Bayh, a Democrat who served in the Senate from 1963 to 1981, drove some of the most historic legislation of his era. He was the principal architect of two constitutional amendments: the 25th, which dealt with presidential disability and vice-presidential vacancies, and the 26th, which gave 18-year-olds the vote in both state and federal elections.
He was a chief Senate sponsor of the failed Equal Rights Amendment, which would enshrine in the Constitution protections against discrimination on the basis of sex. He pushed through another amendment that would have abolished the Electoral College and had presidents elected by direct popular vote, lining up strong support in the Senate but failing in the end to muster enough votes to send it to the states for ratification.
And he championed Title IX, drafting the language for that landmark federal legislation, which barred sex discrimination at schools and colleges and greatly expanded sports programs for women.
Title IX brought him his greatest satisfaction, Bayh said — even though many others were involved in its passage, as he acknowledged, notably Reps.
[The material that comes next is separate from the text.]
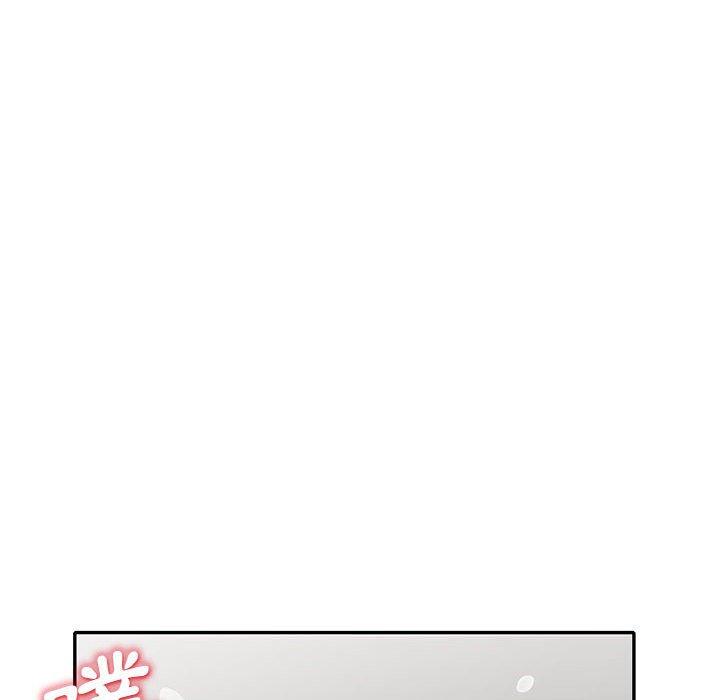 我的繼母是寡婦 第 28 話 第63页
Edith Green of Oregon and Patsy Mink of Hawaii.
“I’d say probably this had a more profound impact on more Americans than anything else I was able to do,” he said in an interview for this obituary in 2010.
In 1972, in a speech on the Senate floor, Bayh said: “One of the great failings of the American educational system is the continuation of corrosive and unjustified discrimination against women. It is clear to me that sex discrimination reaches into all facets of education — admissions, scholarship programs, faculty hiring and promotion, professional staffing and pay scales.”
Bayh, a farmer and lawyer, had been speaker of the Indiana General Assembly when he was elected to the Senate in 1962, upsetting the three-term incumbent in that seat, Homer E. Capehart. As a freshman senator Bayh was made chairman of the Senate Judiciary’s subcommittee on constitutional amendments, a post he would hold for almost two decades.
Perhaps the most dramatic moment in Bayh’s life took place away from the Senate. He was traveling with his friend, Sen. Edward Kennedy of Massachusetts, to a Democratic convention there June 19, 1964.
After voting for final passage of the 1964 Civil Rights Act, the two senators rushed to National Airport, where a small chartered plane was ready to take them to Westfield, Massachusetts. But the airport in Massachusetts was fogged in, and the plane crashed when the pilot tried to make an instrument landing.
The pilot and a Kennedy aide were killed, and Kennedy’s back was broken. Bayh and his wife, Marvella, managed to climb out of the crashed plane. But fearing a fire from aviation fuel, Birch Bayh went back to the plane and dragged Kennedy to safety through a hole in the fuselage.
Birch Evans Bayh Jr. was born Jan. 22, 1928, in Terre Haute, Indiana, to Leah (Hollingsworth) Bayh, a high school teacher, and Birch Bayh Sr., a former head basketball coach and athletic director at what is now Indiana State University and a longtime specialist in physical education. Birch Jr. had a younger sister, Mary Alice.
He graduated from Purdue University in 1951 and from the Indiana University School of Law in 1960. Marvella (Hern) Bayh, his first wife, died in 1979 at 46.
He is survived by a son from that marriage, Birch Evans Bayh III, a former governor of Indiana and senator from that state who is known as Evan; and two grandchildren. He is also survived by his second wife, Katherine (Halpin) Bayh, known as Kitty, and their son, Christopher.